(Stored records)
####################

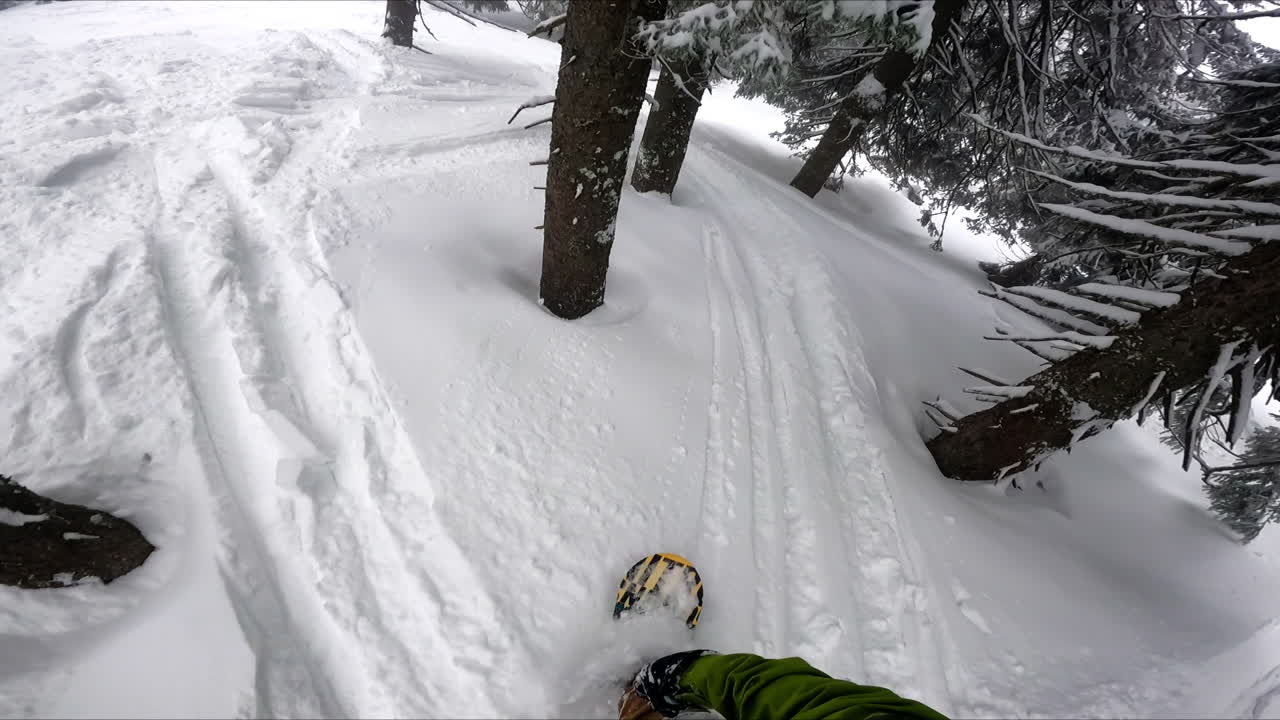 POV snowboard ride in the beautiful winter forest. Sportsman rides slowly swaying among the trees.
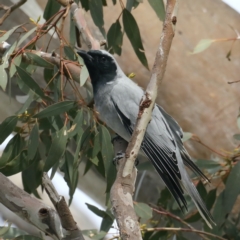 Coracina novaehollandiae at Majura, ACT - 31 Aug 2021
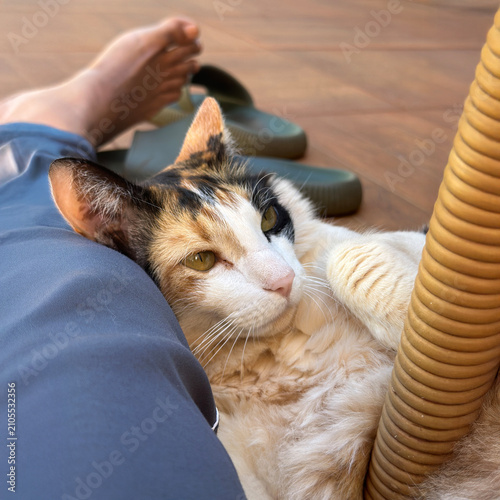 Sleeping Calico Cat Resting on Person's Lap at Home with Cozy Atmosphere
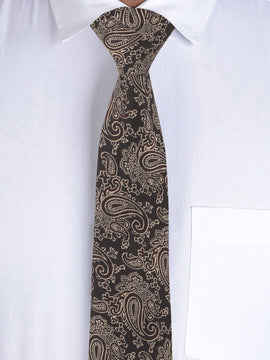 Alvaro Castagnino Brown Coloured Necktie for Men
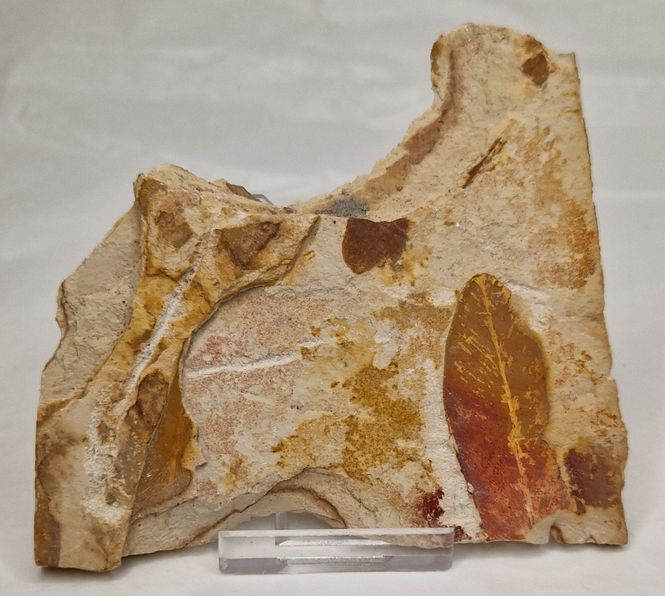 Hovedbilde Glossopteris bladfossil (250 mill år)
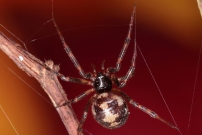 La Malmignatte des maisons. Une femelle (Araneae - Theridiidae - Steatoda triangulosa)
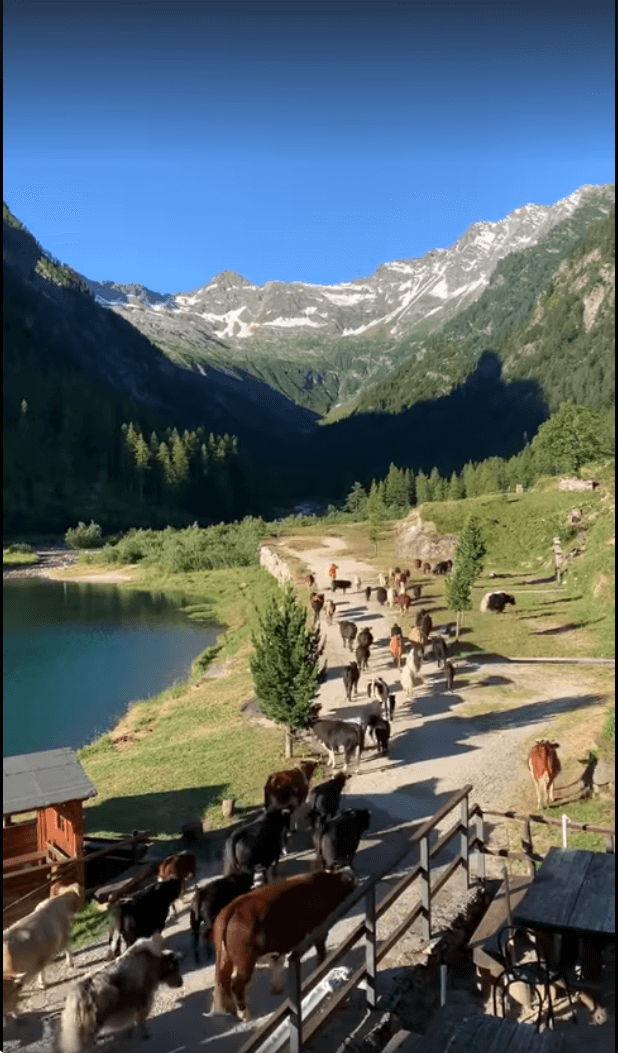 Torna a rivivere l’alpeggio di Quarazzola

####################

(Action item) An exact copy is required of the lines from the one holding "Sleeping Calico Cat" to the end of the entries above, both included; no pictures belong in it.

(Response to this task)
 Sleeping Calico Cat Resting on Person's Lap at Home with Cozy Atmosphere
 Alvaro Castagnino Brown Coloured Necktie for Men
 Hovedbilde Glossopteris bladfossil (250 mill år)
 La Malmignatte des maisons. Une femelle (Araneae - Theridiidae - Steatoda triangulosa)
 Torna a rivivere l’alpeggio di Quarazzola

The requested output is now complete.